To me, "Which entry in vtable refers to the function of "particular" derived classes which is supposed to be called at run time?", is asking how a vtable works.
This answer is intended to demonstrate that type casting affects only the view of an object's data, and that the implementation of dynamic dispatch in these examples operate independently of it. However, type casting does affect dynamic dispatch in the case of multiple inheritance, where determining which vtable to use may require multiple steps (an instance of a type with multiple bases may have multiple vptrs).
casting
casting is a concept associated with variable. So any variable can be casted. It can be casted up or down.
char charVariable = 'A';
int intVariable = charVariable; // upcasting
int intVariable = 20;
char charVariale = intVariable; // downcasting
for system defined data type Up cast or downcast is based on your current variable and it mainly related to how much memory compiler is allocating to both compared variable.

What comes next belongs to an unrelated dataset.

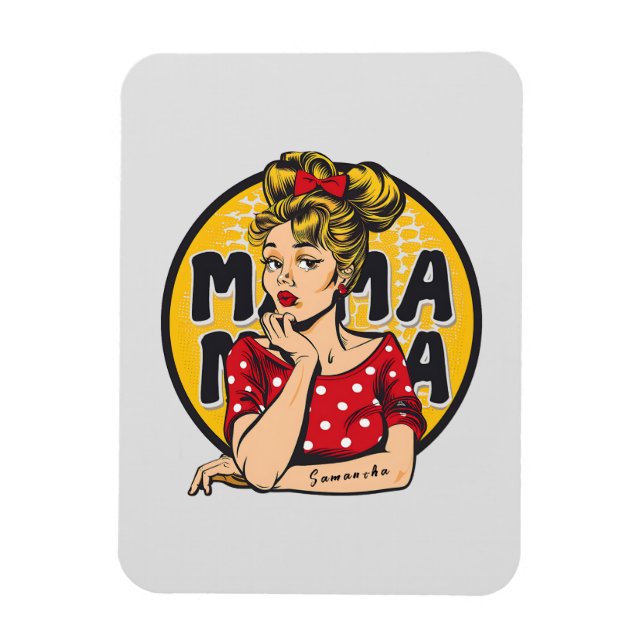 Personalisierter Retro-Mama-Pop Art. 4 Magnet (Vertikal)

If you are assigning a variable which is allocating less memory than the type what is converting to, is called up cast.
If you are assigning a variable which is allocating more memory than the type what is converting to, is called down cast.
Down cast create some problem when the value is trying to cast can't fit in to that allocated memory area.
Upcasting in Class level
Just like system defined data type we can have object of base class and derived class. So if we want to convert derived type to base type , it is known as down upcasting. That can be achieved by pointer of a base class pointing to a derived class type.
class Base{
public:
void display(){
cout<<"Inside Base::display()"<<endl;
}
};
class Derived:public Base{
public:
void display(){
cout<<"Inside Derived::display()"<<endl;
}
};
int main(){
Base *baseTypePointer = new Derived(); // Upcasting
baseTypePointer.display(); // because we have upcasted we want the out put as Derived::display() as output
}
output
Inside Base::display()
Excepted
Inside Derived::display()
In the above scenario the output wasn't as excepted. Its because we don't have the v-table and vptr (virtual pointer) in the object the base pointer will call the Base::display() though we have assigned derived type to the base pointer.

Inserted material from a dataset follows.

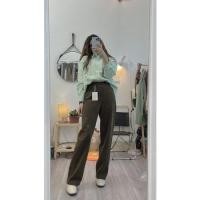 ราคา กางเกงยีนส์ทรงกระบอกเอวสูงกระดุมเอวปรับได้กางเกงยีนส์นิ่ม (40958837925)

To avoid this problem c++ gives us virtual concept. Now the base class display function need to be changed to a virtual type.
virtual void display()
full code is:
class Base{
public:
virtual void display(){
cout<<"Inside Base::display()"<<endl;
}
};
class Derived:public Base{
public:
void display(){
cout<<"Inside Derived::display()"<<endl;
}
};
int main(){
Base *baseTypePointer = new Derived(); // Upcasting
baseTypePointer.display(); // because we have upcasted we want the out put as Derived::display() as output
}
output
Inside Derived::display()
Excepted
Inside Derived::display()
To understand this we need to understand v-table and vptr;
when ever compiler find a virtual along with a function it will generate a virtual table for each of the classes (both Base and all the derived classes).
If virtual function is present than every object will be containing vptr (virtual pointer) pointing to the respective class vtable and vtable will contain the pointer to the respective class virtual function. when you will call the function throught vptr the virutal function will get called and it will invoke the respective class function and we will achieve the required output.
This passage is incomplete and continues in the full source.